To do
Every picture is to be removed, and all the data is to be copied exactly.

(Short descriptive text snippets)
---*---

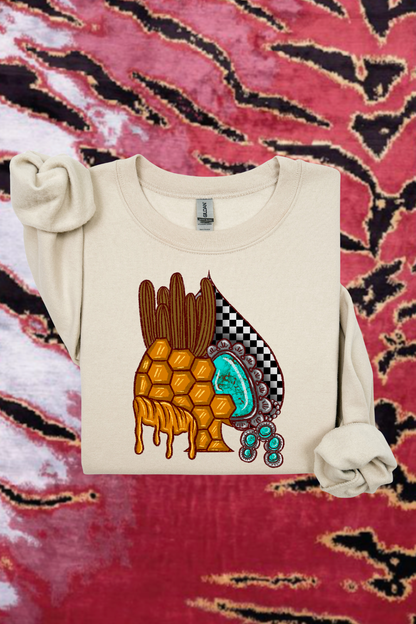 Checkered Honey Spade Sweatshirt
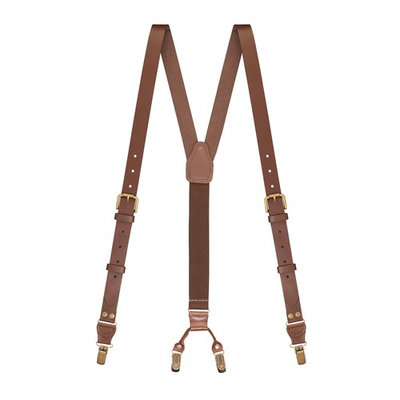 Suspender Store Buckle Strap Leather Suspenders - 1-Inch, Clip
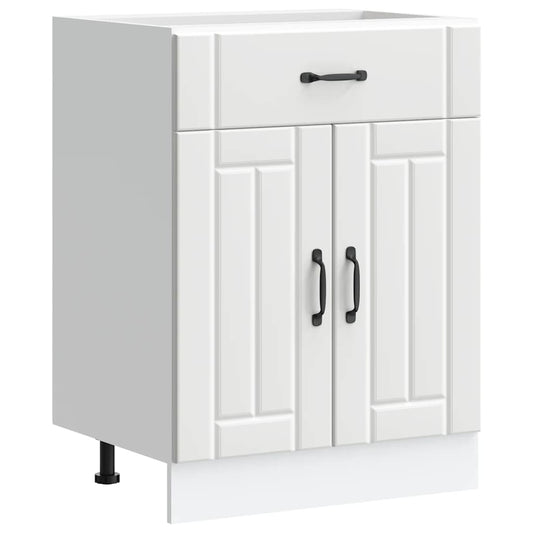 Kitchen Base Cabinet "Lucca" White Engineered Wood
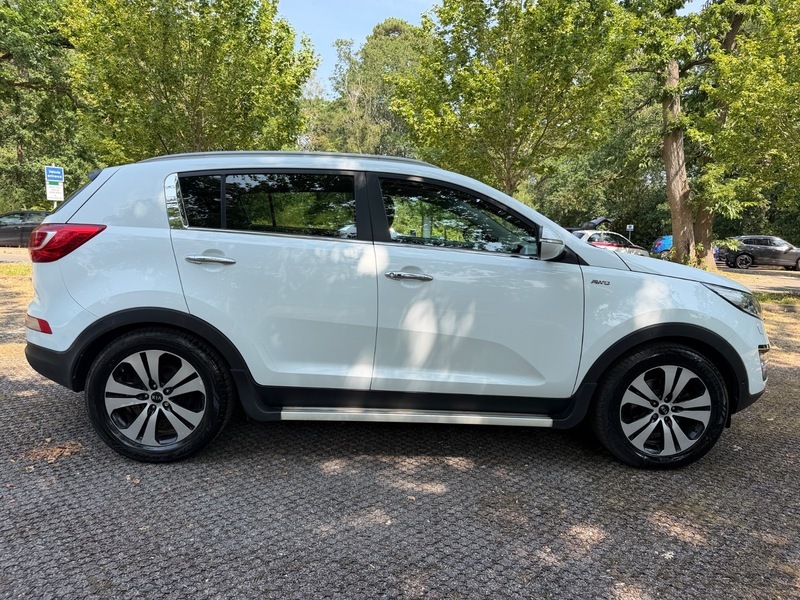 Kia Sportage Crdi Kx-4 White #5
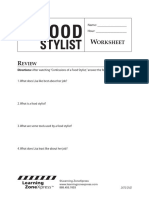 3470 Confess of Food Stylist Worksheet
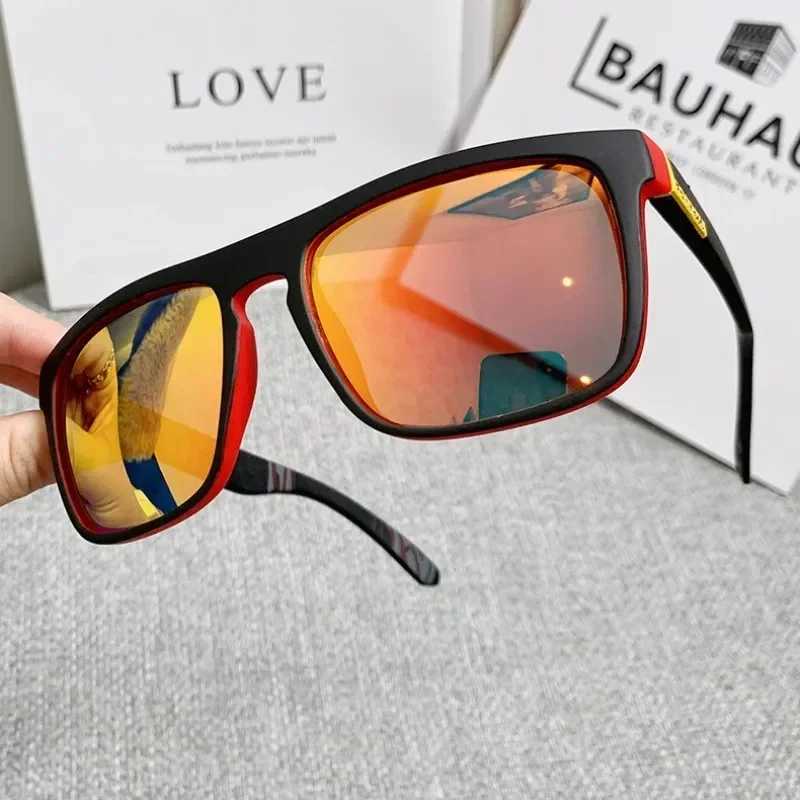 2024 Fashion Polarized Color Changing Sunglasses Men Night Vision Car Driving Sunglass Dirt Bike Motorcycle Cycling Glasses W241228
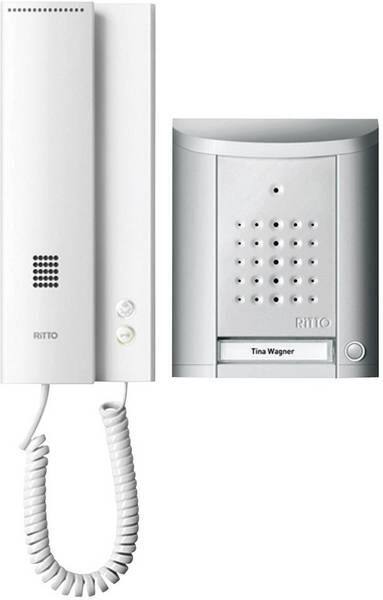 RITTO Audio-Türsprechanlage RITTO Silber,Weiß 230 V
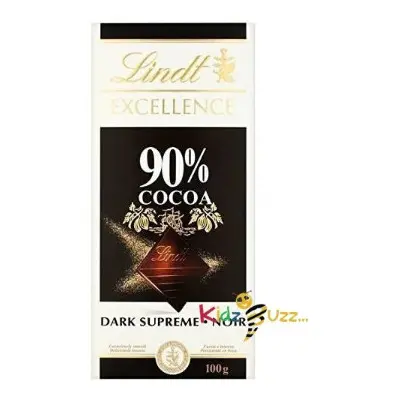 (Pack of 12) Lindt Excellence 90% Dark Supreme Chocolate 100g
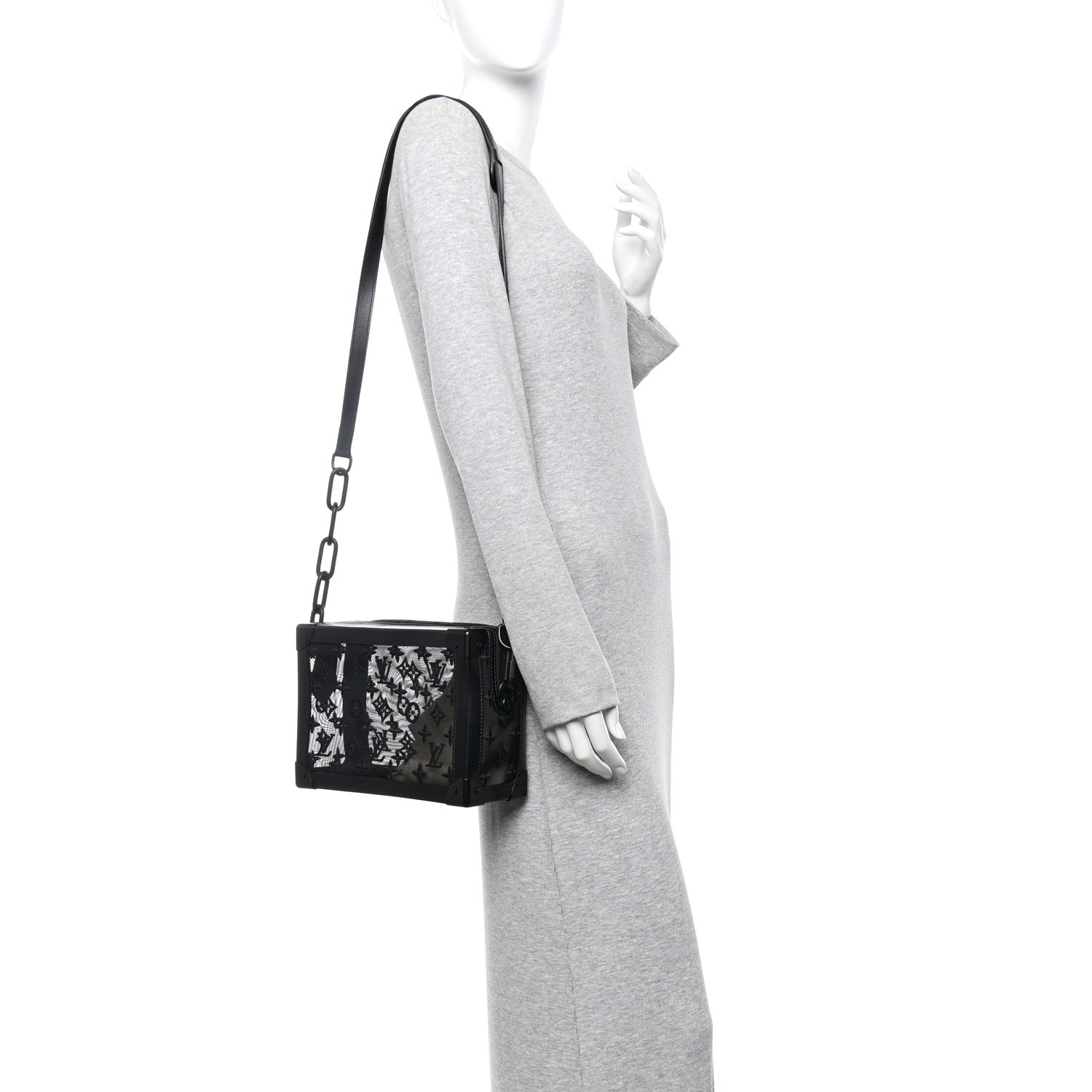 Louis Vuitton Monogram See Through Soft Trunk Black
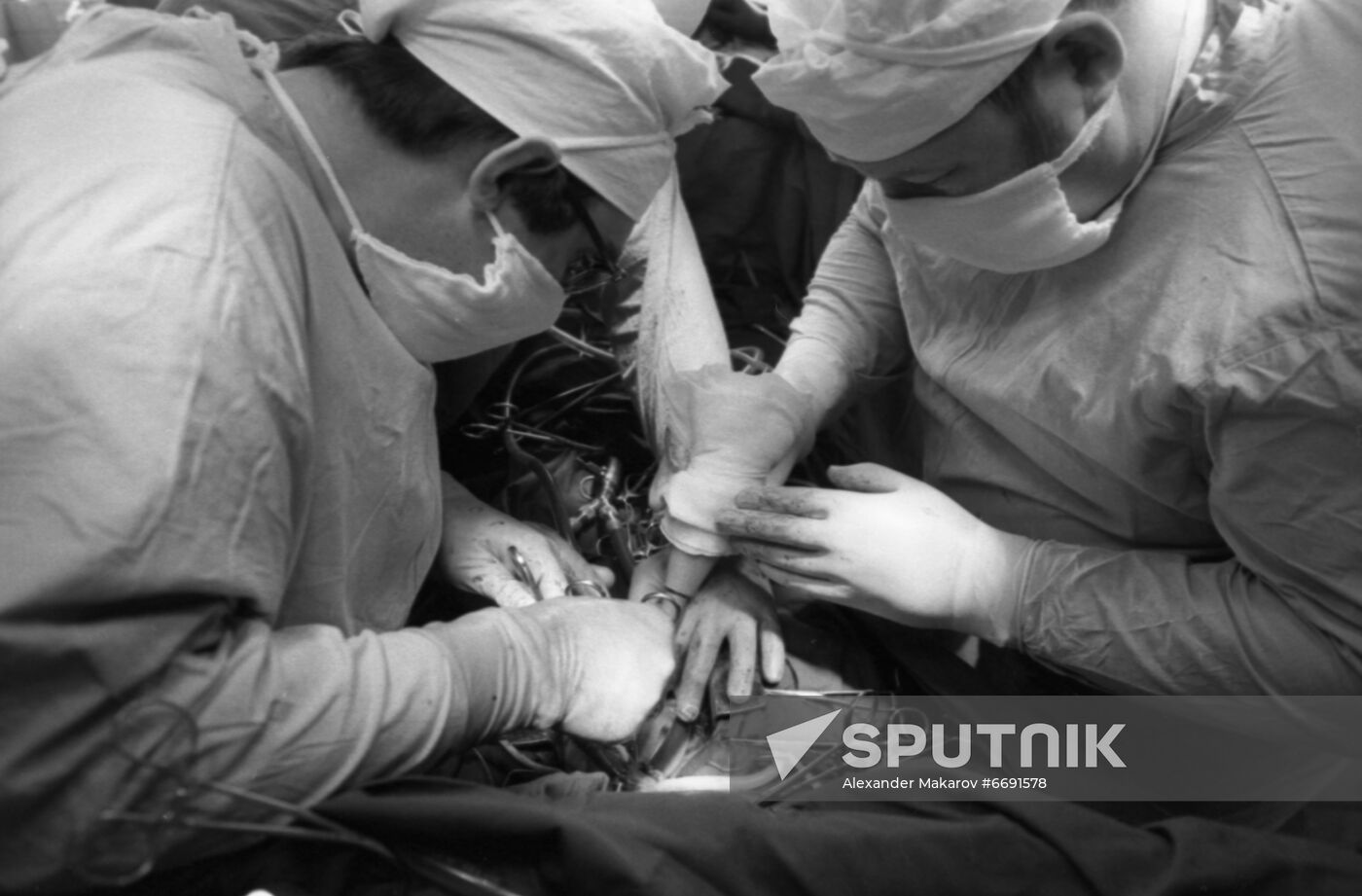 Soviet transplant surgeon Valery Shumakov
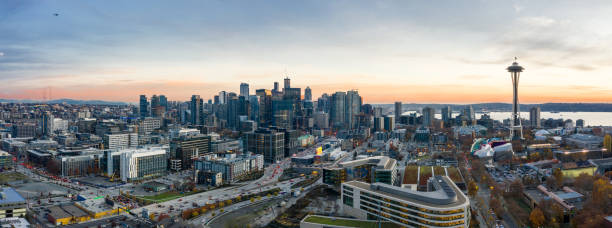 istock Panoramic aerial shot of Seattle Skyline 1186823860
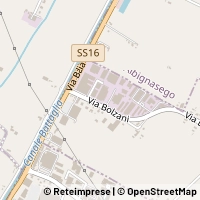 Mapa Maserà di Padova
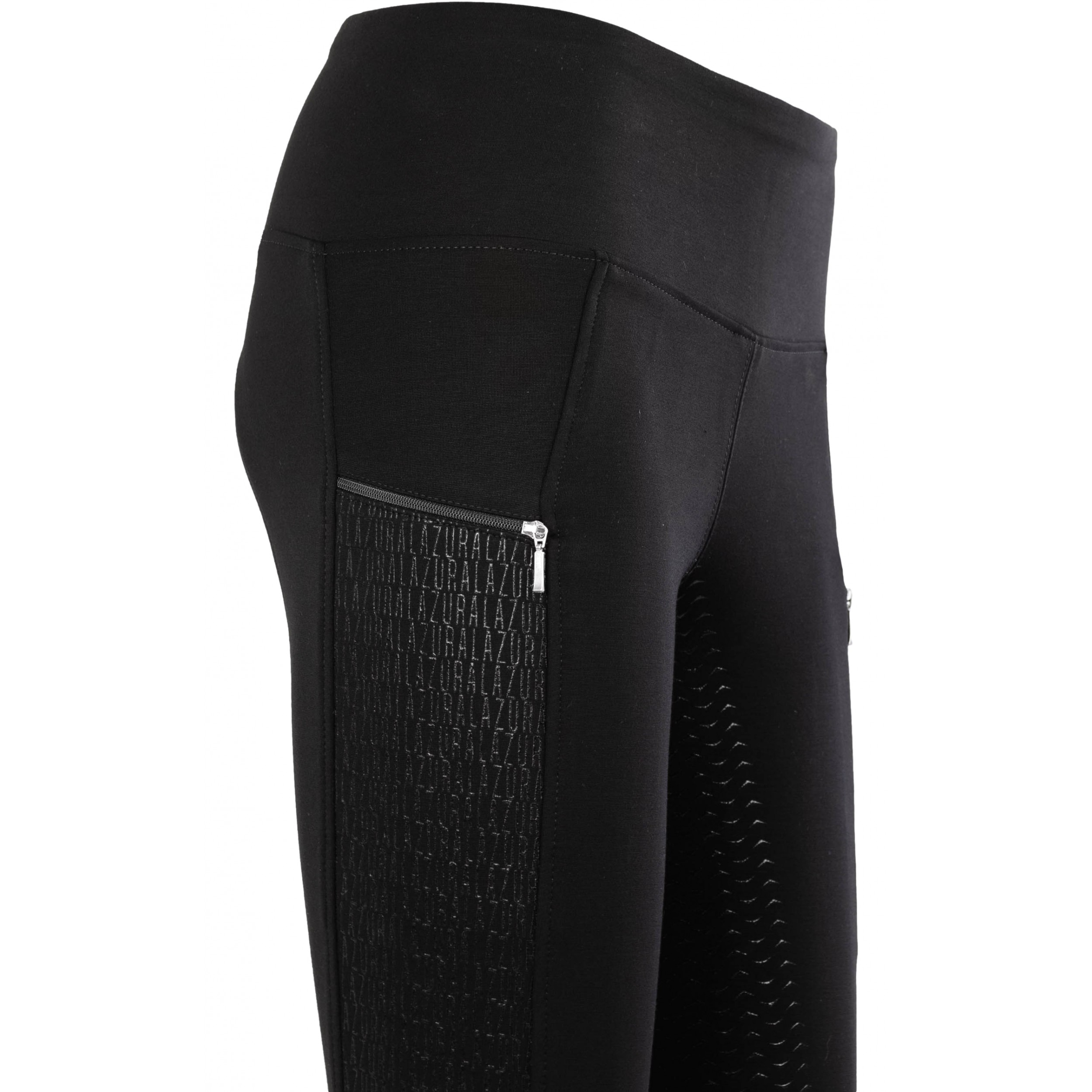 Damen Reitleggings Silikon Vollbesatz DIANA schwarz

---*---

Task output
 Checkered Honey Spade Sweatshirt
 Suspender Store Buckle Strap Leather Suspenders - 1-Inch, Clip
 Kitchen Base Cabinet "Lucca" White Engineered Wood
 Kia Sportage Crdi Kx-4 White #5
 3470 Confess of Food Stylist Worksheet
 2024 Fashion Polarized Color Changing Sunglasses Men Night Vision Car Driving Sunglass Dirt Bike Motorcycle Cycling Glasses W241228
 RITTO Audio-Türsprechanlage RITTO Silber,Weiß 230 V
 (Pack of 12) Lindt Excellence 90% Dark Supreme Chocolate 100g
 Louis Vuitton Monogram See Through Soft Trunk Black
 Soviet transplant surgeon Valery Shumakov
 istock Panoramic aerial shot of Seattle Skyline 1186823860
 Mapa Maserà di Padova
 Damen Reitleggings Silikon Vollbesatz DIANA schwarz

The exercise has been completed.